3). You are given the claim that the mean of a population is not equal to 24 cm. You
don’t believe in this claim and so you want to test it. Suppose that you know the
population standard deviation is 4 cm, and the population distribution is approximately
normal. To test this claim, you take a random sample as follows
X = (20, 23, 22, 24, 24, 24, 25, 26, 24, 23, 27, 24, 29, 20, 25, 26, 28).
Is there enough evidence to support the claim? Justify your answer completely.

4) Based on problem 3 above, compute the 95 % confidence interval of the true mean.
Interpret this confidence interval and also explain what is the meaning of the 95%
confidence level.

Answer 1

Question 3

Here, we have to use one sample z test for the population mean.

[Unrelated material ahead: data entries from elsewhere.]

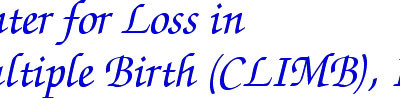 Center for Loss in Multiple Births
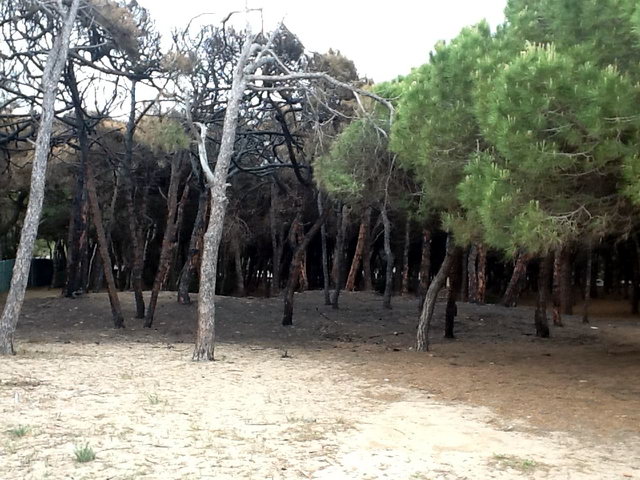 Part de la pineda de Llevant Mar (Gav� Mar) despr�s de ser cremada en dos incendis intencionats consecutius (22 Maig 2012)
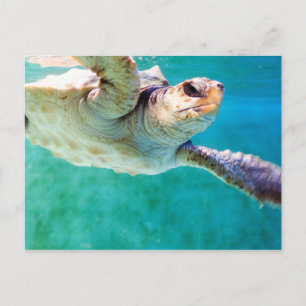 Loggerhead #3 Postkarte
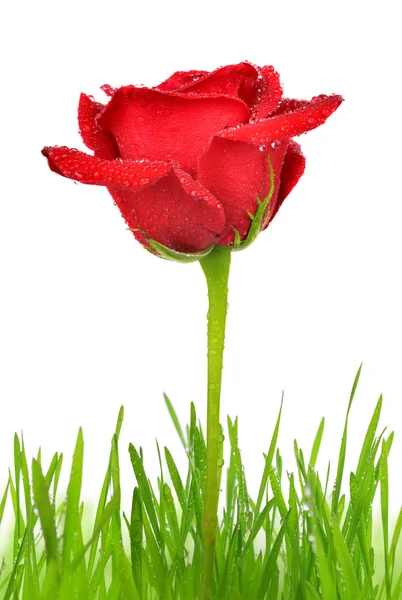 涙にぬれた緑の芝生と赤いバラ — ストック写真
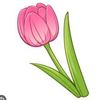 tulip.plays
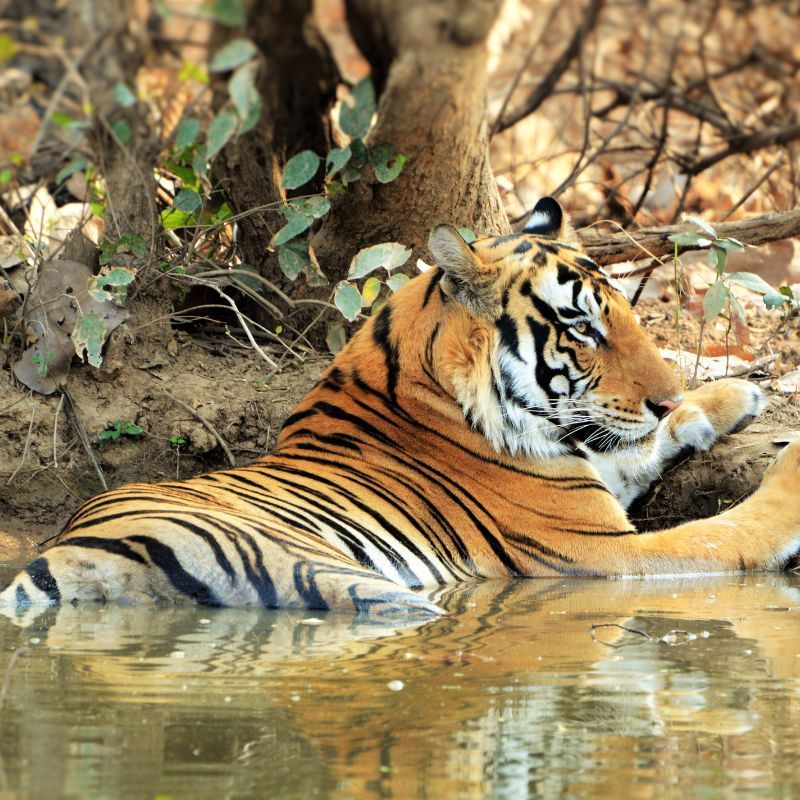 Of Tigers, Tribes And Terrains – Visiting Panna National Park In Madhya Pradesh, India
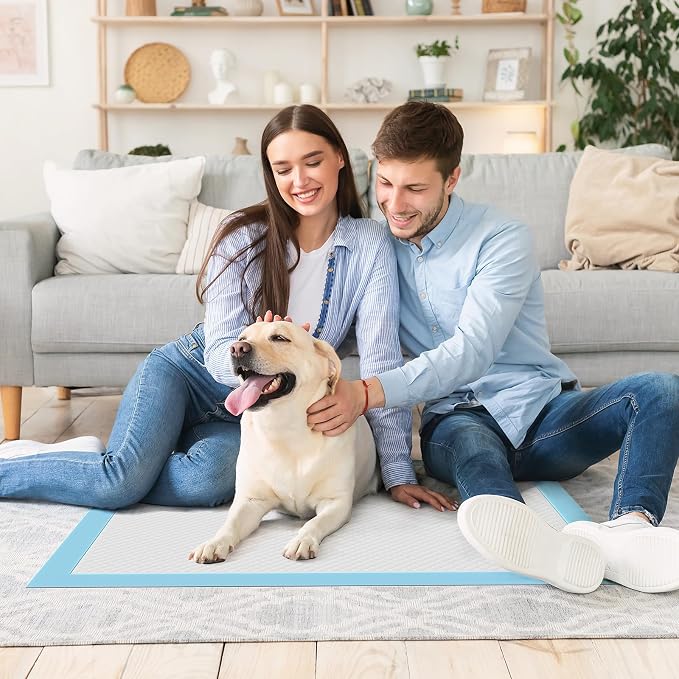 DUMOS 300 Count Puppy Pads for Dogs, 22" x 22" Potty Puppy Training Pad, 6-Layer Dog Cat Pee Pads, Super Absorbency Disposable Pet Leakproof Quick Drying Pad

The null and alternative hypotheses are given as below:

H0: µ = 24 versus Ha: µ ≠ 24

This is a two tailed test.

The test statistic formula is given as below:

Z = (Xbar - µ)/[σ/sqrt(n)]

From given data, we have

µ = 24

Xbar = 24.35294118

σ = 4

n = 17

α = 0.05

Critical value = -1.96 and 1.96

(by using z-table or excel)

Z = (24.35294118 - 24)/[4/sqrt(17)]

Z = 0.3638

P-value = 0.7160

(by using Z-table)

P-value > α = 0.05

So, we do not reject the null hypothesis

There is sufficient evidence to conclude that the mean of a population is not equal to 24 cm.

Question 4

Confidence interval for Population mean is given as below:

Confidence interval = Xbar ± Z*σ/sqrt(n)

From given data, we have

Confidence level = 95%

Critical Z value = 1.96

(by using z-table)

Confidence interval = Xbar ± Z*σ/sqrt(n)

Confidence interval = 24.35 ± 1.96*4/sqrt(17)

Confidence interval = 24.35 ± 1.9014

Lower limit = 24.35 - 1.9014 = 22.45

Upper limit = 24.35 + 1.9014 = 26.25

Confidence interval = (22.45, 26.25)

WE are 95% confident that the population mean will lies between above interval.